# To do
Would you restate the listing word for word, with the images omitted?

# Data block
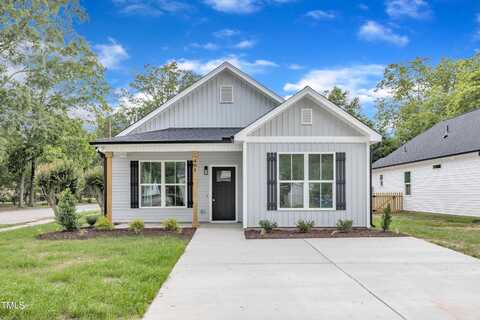 401 N Raiford Street, Selma, NC 27576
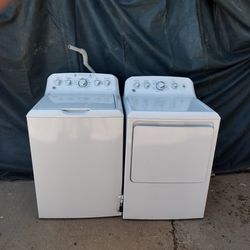 GE Washer And Gas Dryer Laundry Set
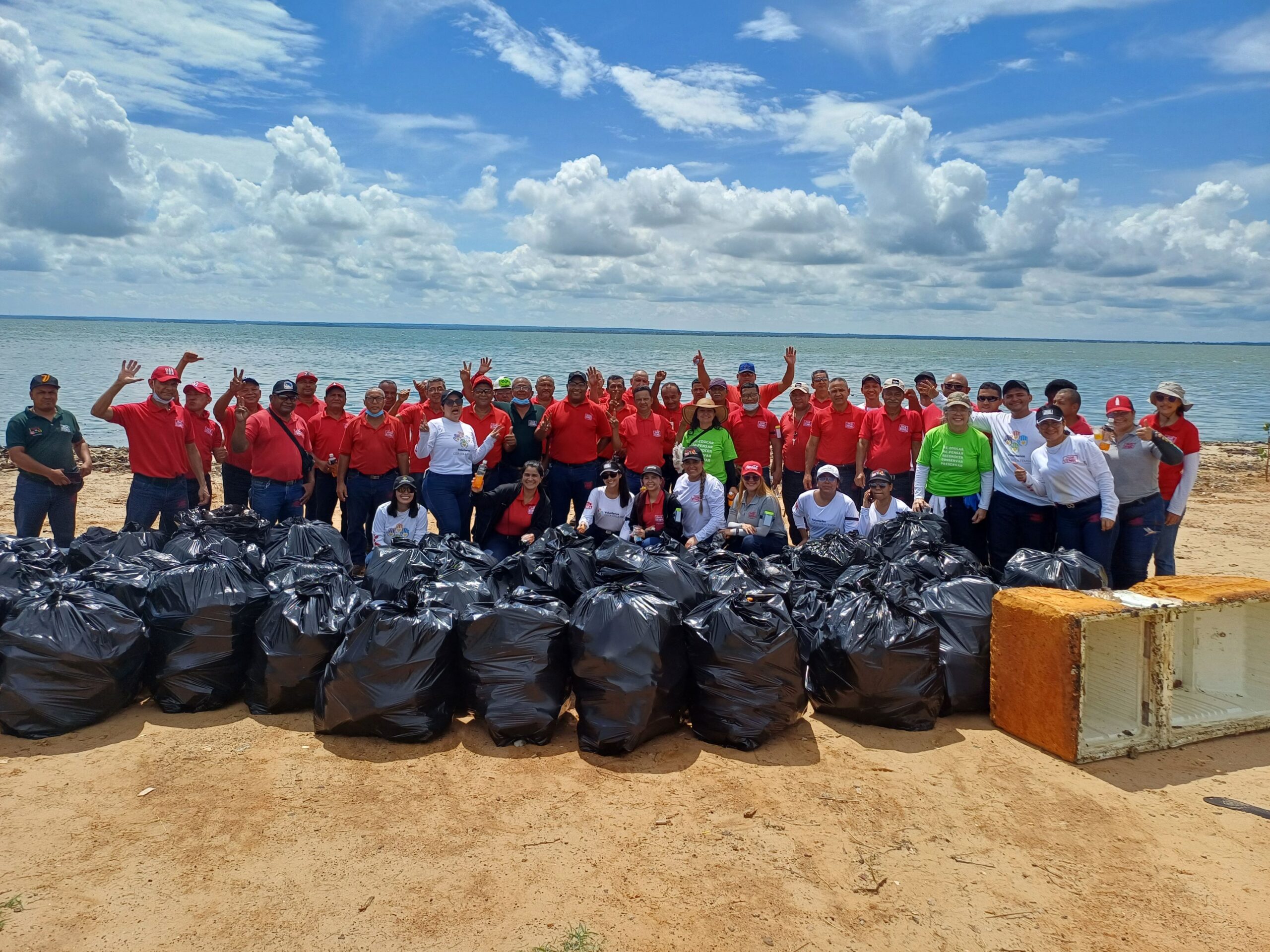 Coca-Cola FEMSA Jornadas de recolección y acopio Mes del Medio Ambiente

# Task response
 401 N Raiford Street, Selma, NC 27576
 GE Washer And Gas Dryer Laundry Set
 Coca-Cola FEMSA Jornadas de recolección y acopio Mes del Medio Ambiente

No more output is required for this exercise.